Yes, you're right. I missed this point since I'm not fully understood 
the code before.
Thanks for your advice!
> In case of you want unlock interrupts very often, you should make some creativity with first_deferred_pfn.
> We should update it sequentially. Something like below (untested):

I got your point now, thanks!
> ---
> diff --git a/mm/page_alloc.c b/mm/page_alloc.c
> index 79e950d76ffc..be09d158baeb 100644
> --- a/mm/page_alloc.c
> +++ b/mm/page_alloc.c
> @@ -1828,7 +1828,7 @@ static int __init deferred_init_memmap(void *data)
>   {
>   	pg_data_t *pgdat = data;
>   	const struct cpumask *cpumask = cpumask_of_node(pgdat->node_id);
> -	unsigned long spfn = 0, epfn = 0, nr_pages = 0;
> +	unsigned long spfn = 0, epfn = 0, nr_pages;
>   	unsigned long first_init_pfn, flags;
>   	unsigned long start = jiffies;
>   	struct zone *zone;
> @@ -1838,7 +1838,7 @@ static int __init deferred_init_memmap(void *data)
>   	/* Bind memory initialisation thread to a local node if possible */
>   	if (!cpumask_empty(cpumask))
>   		set_cpus_allowed_ptr(current, cpumask);
> -
> +again:
>   	pgdat_resize_lock(pgdat, &flags);
>   	first_init_pfn = pgdat->first_deferred_pfn;
>   	if (first_init_pfn == ULONG_MAX) {
> @@ -1850,7 +1850,6 @@ static int __init deferred_init_memmap(void *data)
>   	/* Sanity check boundaries */
>   	BUG_ON(pgdat->first_deferred_pfn < pgdat->node_start_pfn);
>   	BUG_ON(pgdat->first_deferred_pfn > pgdat_end_pfn(pgdat));
> -	pgdat->first_deferred_pfn = ULONG_MAX;
>   
>   	/* Only the highest zone is deferred so find it */
>   	for (zid = 0; zid < MAX_NR_ZONES; zid++) {
> @@ -1864,14 +1863,30 @@ static int __init deferred_init_memmap(void *data)
>   						 first_init_pfn))
>   		goto zone_empty;
>   
> +	nr_pages = 0;

'nr_pages' used to mark the total init pages before, so it cannot be 
zerolized each round.
seems we need one more to count the pages init each round.

> +
>   	/*
>   	 * Initialize and free pages in MAX_ORDER sized increments so
>   	 * that we can avoid introducing any issues with the buddy
>   	 * allocator.
> +	 * Final iteration marker is: spfn=ULONG_MAX and epfn=0.
>   	 */
> -	while (spfn < epfn)
> +	while (spfn < epfn) {
>   		nr_pages += deferred_init_maxorder(&i, zone, &spfn, &epfn);
> +		if (!epfn)
> +			break;

Seems 'epfn' never goes to 0 since it is "end page frame number", right?
So this is needless.
> +		pgdat->first_deferred_pfn = epfn;

I think first_deferred_pfn update wrong value here, it seems should be 
the spfn, the start pfn right?
> +		/*
> +		 * Restore pending interrupts every 128Mb to give
> +		 * the chance tick timer to advance jiffies.
> +		 */
> +		if (nr_pages > (1UL << 27 - PAGE_SHIFT)) {
> +			pgdat_resize_unlock(pgdat, &flags);
> +			goto again;
> +		}
> +	}
>   zone_empty:
> +	pgdat->first_deferred_pfn = ULONG_MAX;
>   	pgdat_resize_unlock(pgdat, &flags);
>   
>   	/* Sanity check that the next zone really is unpopulated */
>
>
I update the patch based on your comment, it passed the test.
Could you please help to review it again? Thanks!
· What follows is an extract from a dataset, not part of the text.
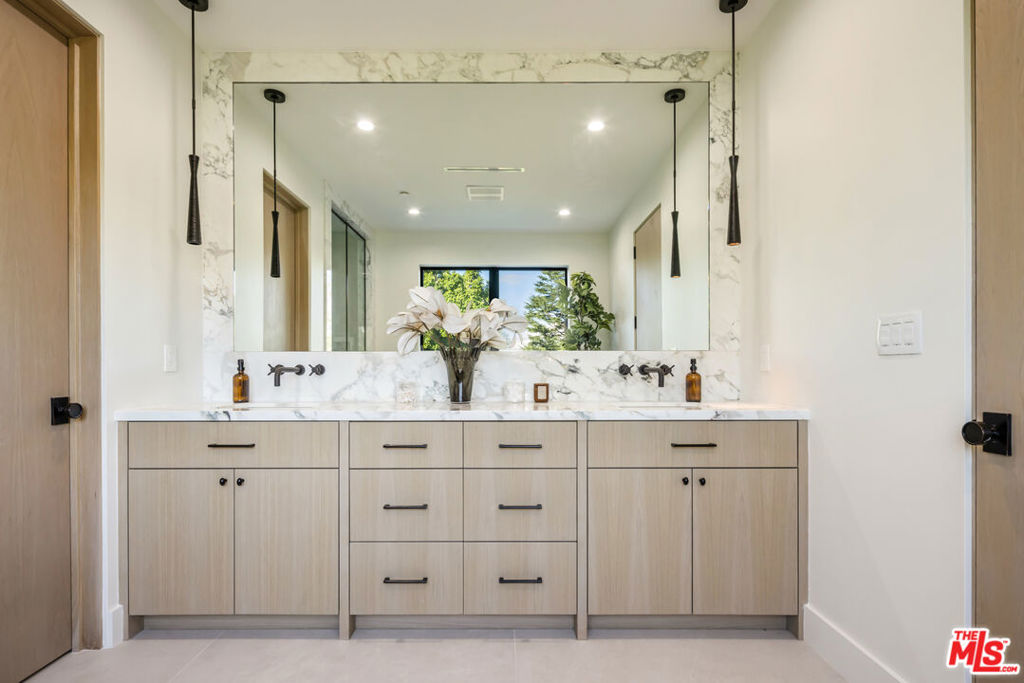 MLS #25620343 image #11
diff --git a/mm/page_alloc.c b/mm/page_alloc.c
index 3c4eb750a199..841c902d4509 100644
--- a/mm/page_alloc.c
+++ b/mm/page_alloc.c
@@ -1763,12 +1763,17 @@ deferred_init_maxorder(u64 *i, struct zone 
*zone, unsigned long *start_pfn,
         return nr_pages;
  }

+/*
+ * Release the tick timer interrupts for every TICK_PAGE_COUNT pages.
+ */
+#define TICK_PAGE_COUNT        (32 * 1024)
+
  /* Initialise remaining memory on a node */
  static int __init deferred_init_memmap(void *data)
  {
         pg_data_t *pgdat = data;
         const struct cpumask *cpumask = cpumask_of_node(pgdat->node_id);
-       unsigned long spfn = 0, epfn = 0, nr_pages = 0;
+       unsigned long spfn = 0, epfn = 0, nr_pages = 0, prev_nr_pages = 0;
         unsigned long first_init_pfn, flags;
         unsigned long start = jiffies;
         struct zone *zone;
@@ -1779,6 +1784,7 @@ static int __init deferred_init_memmap(void *data)
         if (!cpumask_empty(cpumask))
                 set_cpus_allowed_ptr(current, cpumask);

+again:
         pgdat_resize_lock(pgdat, &flags);
         first_init_pfn = pgdat->first_deferred_pfn;
         if (first_init_pfn == ULONG_MAX) {
@@ -1790,7 +1796,6 @@ static int __init deferred_init_memmap(void *data)
         /* Sanity check boundaries */
         BUG_ON(pgdat->first_deferred_pfn < pgdat->node_start_pfn);
         BUG_ON(pgdat->first_deferred_pfn > pgdat_end_pfn(pgdat));
-       pgdat->first_deferred_pfn = ULONG_MAX;

         /* Only the highest zone is deferred so find it */
         for (zid = 0; zid < MAX_NR_ZONES; zid++) {
@@ -1809,9 +1814,23 @@ static int __init deferred_init_memmap(void *data)
          * that we can avoid introducing any issues with the buddy
          * allocator.
          */
-       while (spfn < epfn)
+       while (spfn < epfn) {
                 nr_pages += deferred_init_maxorder(&i, zone, &spfn, &epfn);
+               /*
+                * Release the interrupts for every TICK_PAGE_COUNT pages
+                * (128MB) to give the chance that tick timer to advance
+                * the jiffies.
+                */
+               if ((nr_pages - prev_nr_pages) > TICK_PAGE_COUNT) {
+                       prev_nr_pages = nr_pages;
+                       pgdat->first_deferred_pfn = spfn;
+                       pgdat_resize_unlock(pgdat, &flags);
+                       goto again;
+               }
+       }
+
  zone_empty:
+       pgdat->first_deferred_pfn = ULONG_MAX;
         pgdat_resize_unlock(pgdat, &flags);

         /* Sanity check that the next zone really is unpopulated */